Guest

Cisco ONS 15800 Series DWDM Platforms

Empty Slot Troubleshooting

Cisco - Empty Slot Troubleshooting

Document ID: 18924

Updated: Sep 16, 2005

   Print

Introduction

This document describes how to troubleshoot on-field empty slot occurrences.

Prerequisites

Requirements

Readers of this document should be knowledgeable of the following:

  • Cisco ONS 15801 System

  • Using Telnet

  • Cisco Photonics Local Terminal (CPLT)

  • Cisco Photonics Toolkit (CPTK)

Components Used

The information in this document is based on the software and hardware versions below.

  • A laptop PC with Windows 95, Windows 98 or Windows 2000.

    Note: This procedure does not require access to the Control and Monitoring Processor (CMP) through the PPP serial connection but only through the LAN port.

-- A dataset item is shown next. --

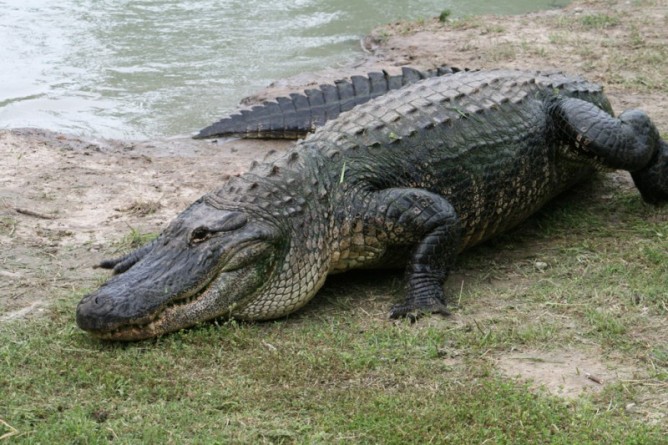 Популярное: Житель Лонг-Айленда держал на заднем дворе двухметрового аллигатора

If the LAN port is not available and you want to collect the data through the serial port (and the CMP is running the TL1 Agent version 1.1.2) you need a Windows 95 PC to get successful connection, since using Windows 98 and Windows 2000 does not work.

  • Telnet application on the PC (verify that your Telnet application enables you to log your session and commands in a log file).

  • CPLT and CPTK already installed on the PC (compatible with the agent version you are running).

The information presented in this document was created from devices in a specific lab environment. All of the devices used in this document started with a cleared (default) configuration. If you are working in a live network, ensure that you understand the potential impact of any command before using it.

Background Information

The troubleshooting process described here applies to any empty slot problem. Depending on the type of failure, some steps may not apply. The main steps are as follows:

  • Site inventory, to collect information on the site hardware and software configuration.

  • Site history, to collect information which involves adhering to a local principle, and looks at the board itself, its sub-rack and the whole site.

  • Slot configuration check, to ensure the empty slot corresponds to a present board.

  • Recovering the board monitoring, which involves one or more aimed board resets or extractions.

Conventions

For more information on document conventions, see the Cisco Technical Tips Conventions.

Site Inventory

Site inventory involves collecting information on the site hardware and software configuration. Information collected during this step includes:

General site information:

  • Site Type (Terminal Site, Optical Line Amplification (OLA), Optical Add/Drop Multiplexing (OADM), Regeneration site).

  • Number of sub-racks managed by the CMP.

  • Number and type of boards for sub-rack.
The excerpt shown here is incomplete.